Furthermore, prepared firms are much more likely (42 per cent compared to just 8 per cent of underprepared firms) to conduct formal workforce planning processes integrated with strategic business planning.

While industry thought-leaders have long recommended that firms focus workforce planning efforts on critical job roles, results indicate that prepared organisations conduct planning for all job roles, a finding with significant implications for human capital resource allocation.

Organisations with integrated workforce planning processes can realise significant benefits, such as identifying early-warning signs of human capital risks, implementing more targeted recruitment strategies, and improving the allocation of finite HR resources, said Anastasia Ellerby, managing director of Infohrm, which conducted the study.

However, she said there was a range of potential roadblocks to achieving success, especially the absence of senior and line management commitment and a shortage of analytical skills within HR.

Over the coming years, Ellerby said many of the trends identified in the study would continue, including skills shortages influenced by the ageing workforce and significant new technological developments.

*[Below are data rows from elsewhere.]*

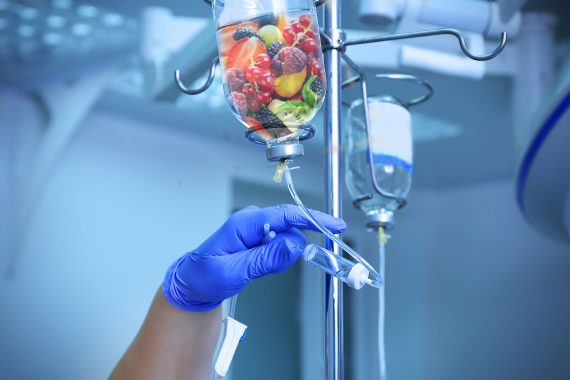 Glutathione IV Therapy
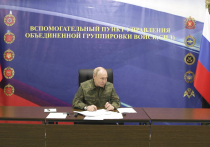 Решающий перелом произошел накануне зимы на линии боевого соприкосновения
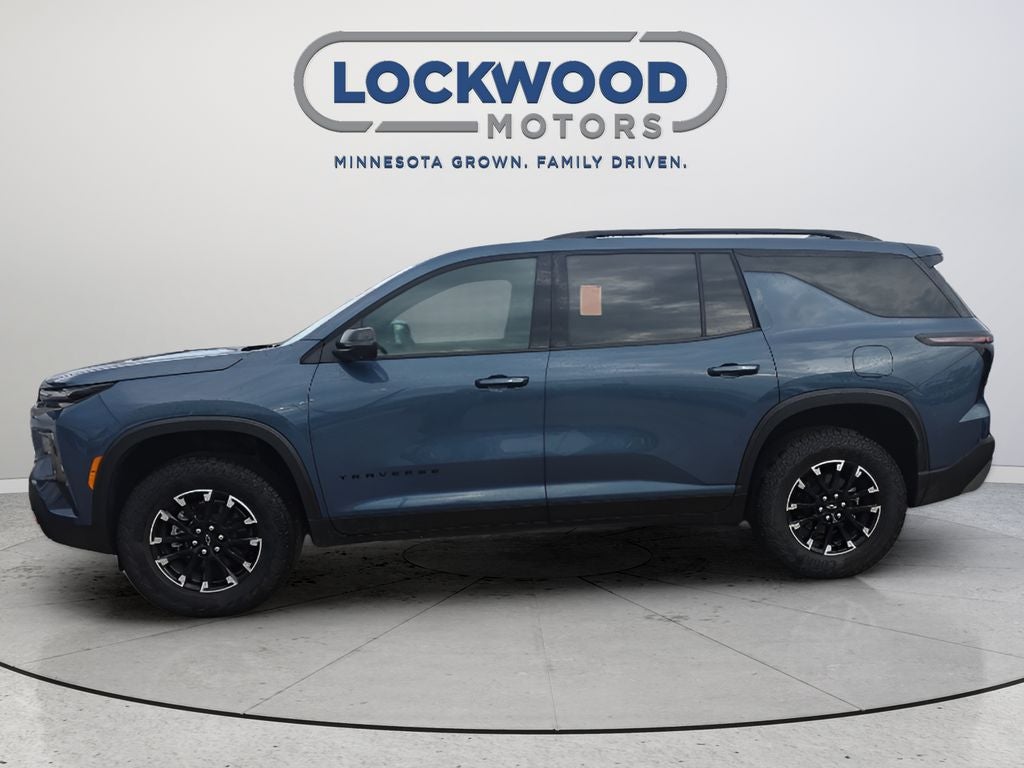 2025 Chevrolet Traverse Z71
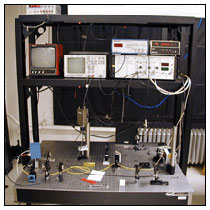 Spectroscopy lab.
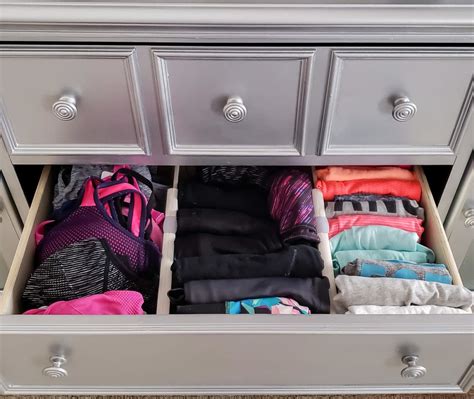 10 Ways to Maximize Your Dressing Drawer Space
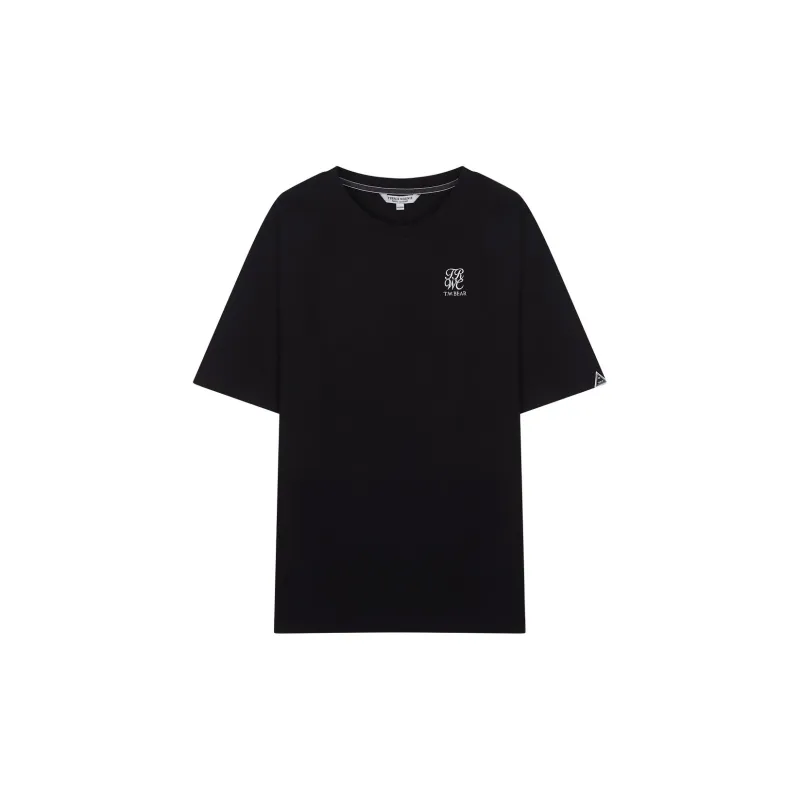Teenie Weenie T Shirt Women's Black-1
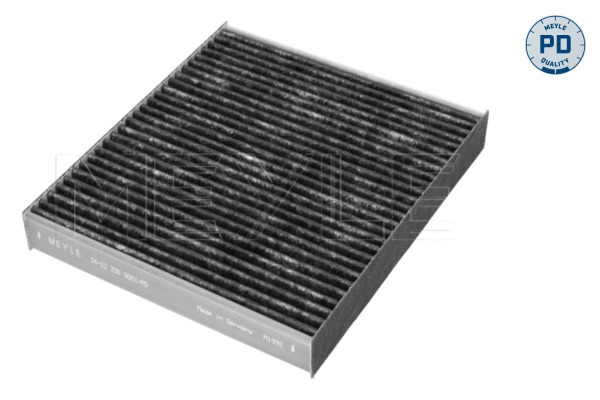 Filtru polen MEYLE 34-12 326 0001/PD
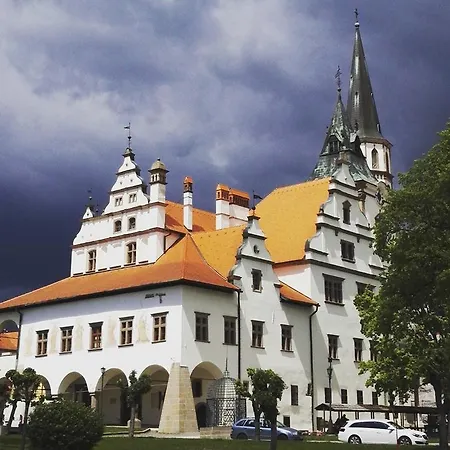 Accommodatie bij particulieren Privat Pri Hradbach *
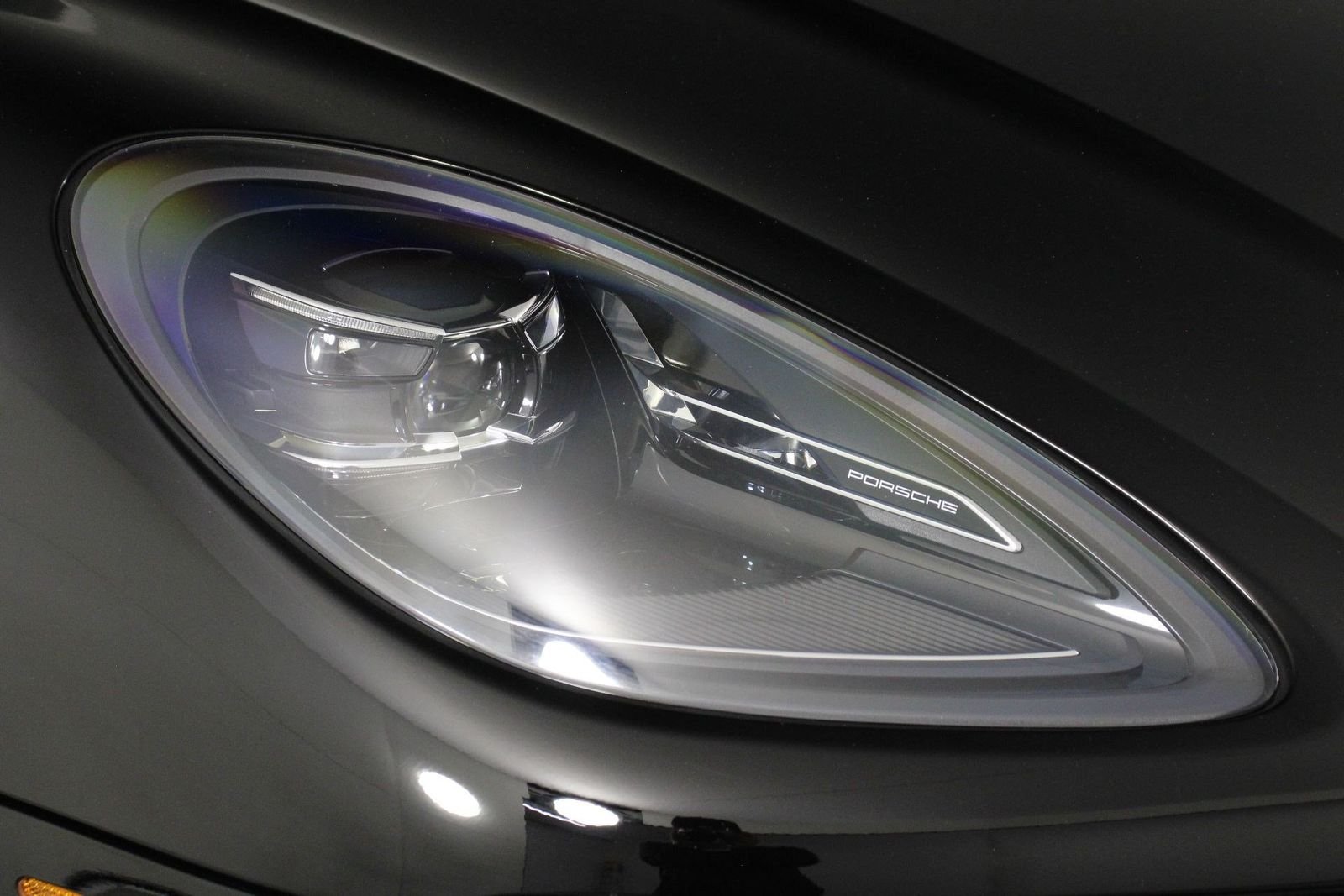 Certified Used 2026 Black Porsche  image 28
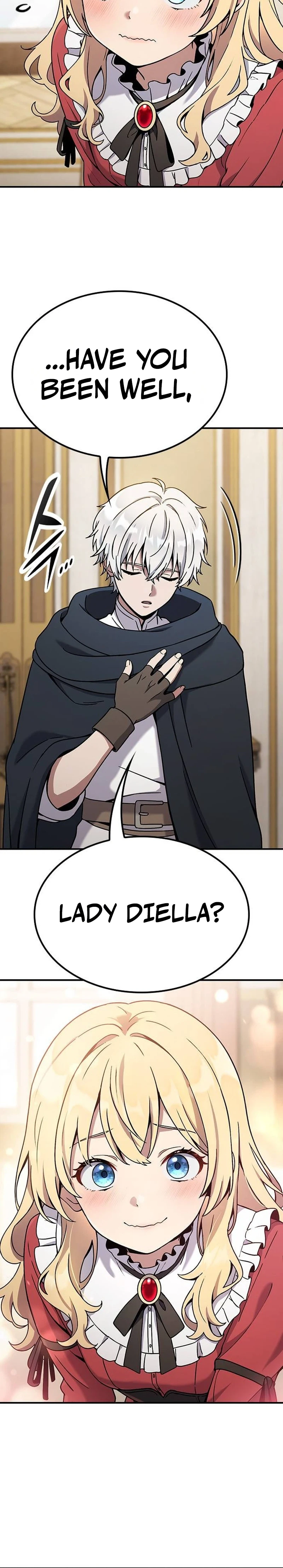 There Are No Bad Young Ladies in This World Chapter 34, page 6 of 28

She also pointed to other trends, including potential organisational culture issues caused by generational differences, and increase in the size of the contingent workforce – a group which most organisations exclude from their workforce planning activity, and an increasingly global workforce, highlighting the need for HR to both attract (from overseas) and retain (local) skilled workers.

“All these trends highlight the need for HR practitioners to hone their skills in strategic integration of business/HR planning, sophisticated human capital data analysis, influencing skills and the ability to innovate in response to emerging priorities,” Ellerby said.

There were a number of steps HR practitioners could take. She recommended preparing a business case to resource a professional workforce planning capability. “One way of doing this would be to prepare a ‘dummy’ demand/supply/gap forecast to highlight potential costs and lost opportunities caused by future skills shortages.”

Ellerby also said to ensure workforce planning processes are integrated with both strategic businesses planning and other people management planning.

“Review your planning horizon: is it sufficiently long-term? Also, appreciate that workforce planning is an iterative and incremental process,” she said.

“Work towards deployment of a comprehensive range of workforce planning processes, from well-researched environmental scanning through to review of strategies.”

She also said uncertainty could be reduced by improving future-friendly skills such as strategic thinking and scenario planning.